**YOUR GOAL**.
Can you copy out the data exactly? Leave the images out.

**DATA SHOWN**.
****************

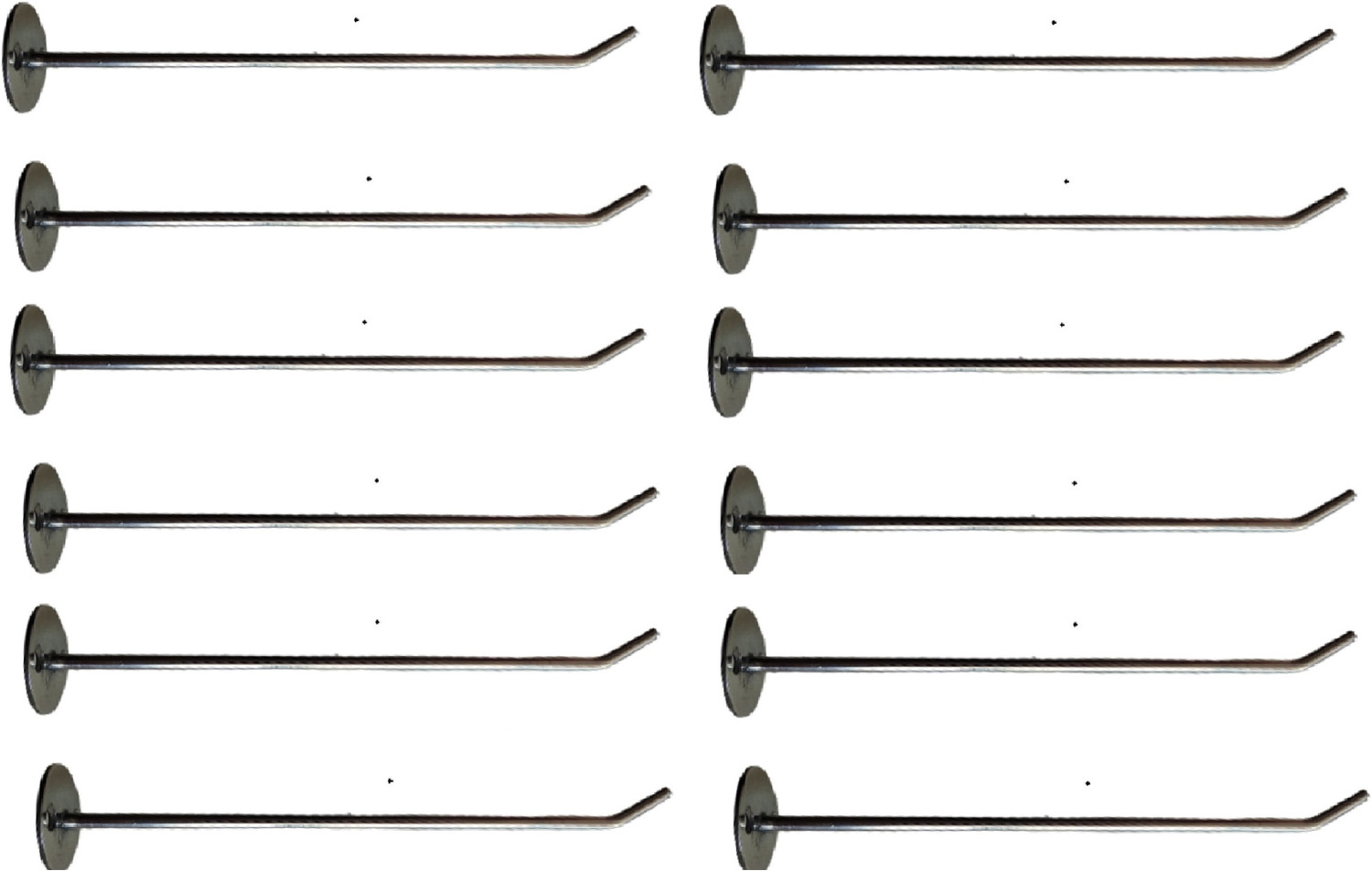 Image of Q1 Beads 14 Inches Display Hooks for Mobile Shop /Showroom /Boutique /Supermarket Wall Drope Hanger Combo Heavy Duty with Hardware Fittings(14 Inches,5 mm Thick ,12 Pcs) Hook 12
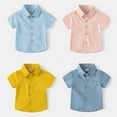 thumbnail image 3 of KYAIGUO Little Boys Short Shirt Button down Short Shirt Summer Short Sleeve Tops for Toddler Kids Ages 1-6, 3 of 8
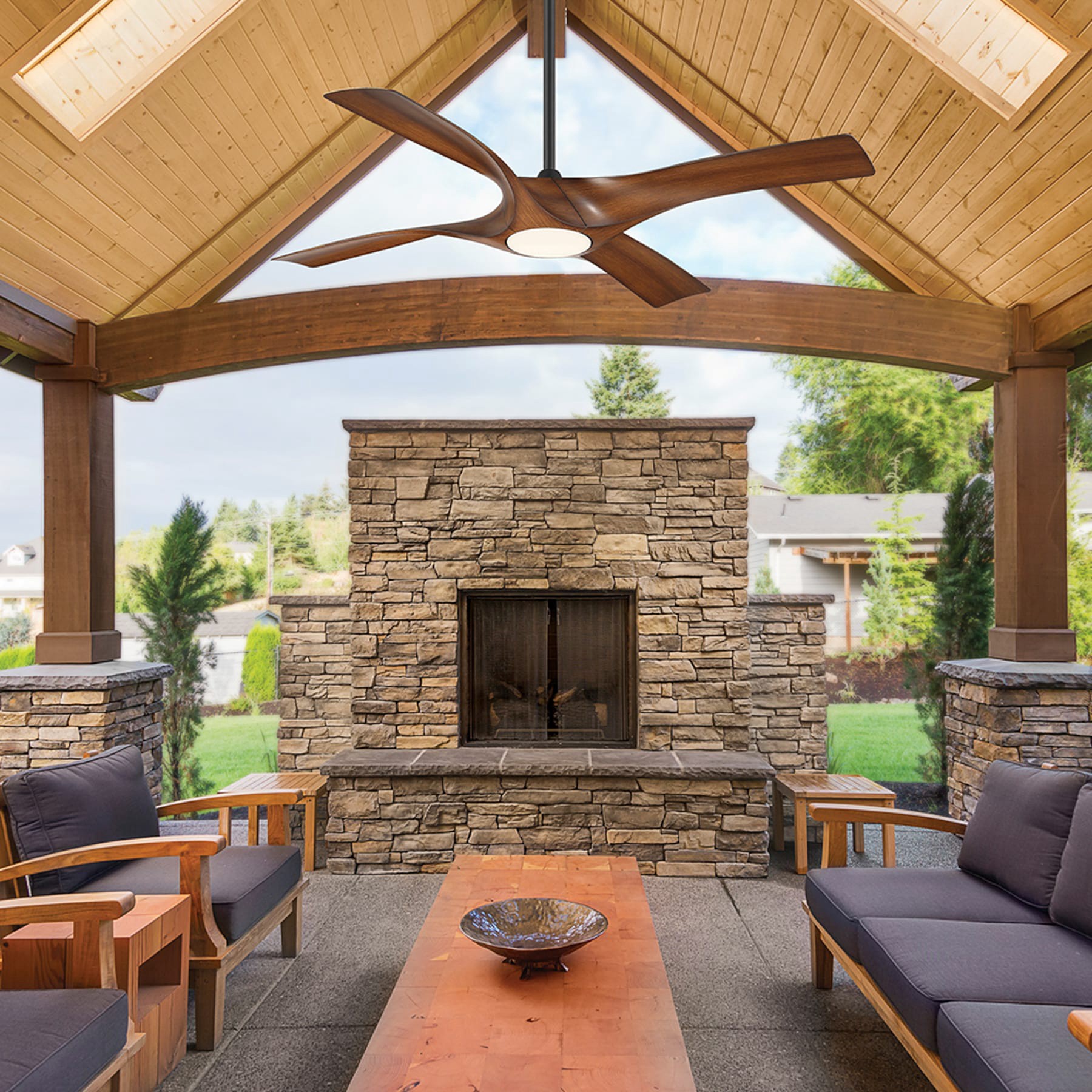 slide 4 of 6, Minka Ceiling Fan Co. Rowland 56-in Matte Black with Distressed Koa Blades Color-Changing Integrated LED Covered Outdoor Ceiling Fan With Light and Remote Included 4 -Blade, 1 ct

****************

**SOLUTION FOR THIS PROBLEM**.
 Image of Q1 Beads 14 Inches Display Hooks for Mobile Shop /Showroom /Boutique /Supermarket Wall Drope Hanger Combo Heavy Duty with Hardware Fittings(14 Inches,5 mm Thick ,12 Pcs) Hook 12
 thumbnail image 3 of KYAIGUO Little Boys Short Shirt Button down Short Shirt Summer Short Sleeve Tops for Toddler Kids Ages 1-6, 3 of 8
 slide 4 of 6, Minka Ceiling Fan Co. Rowland 56-in Matte Black with Distressed Koa Blades Color-Changing Integrated LED Covered Outdoor Ceiling Fan With Light and Remote Included 4 -Blade, 1 ct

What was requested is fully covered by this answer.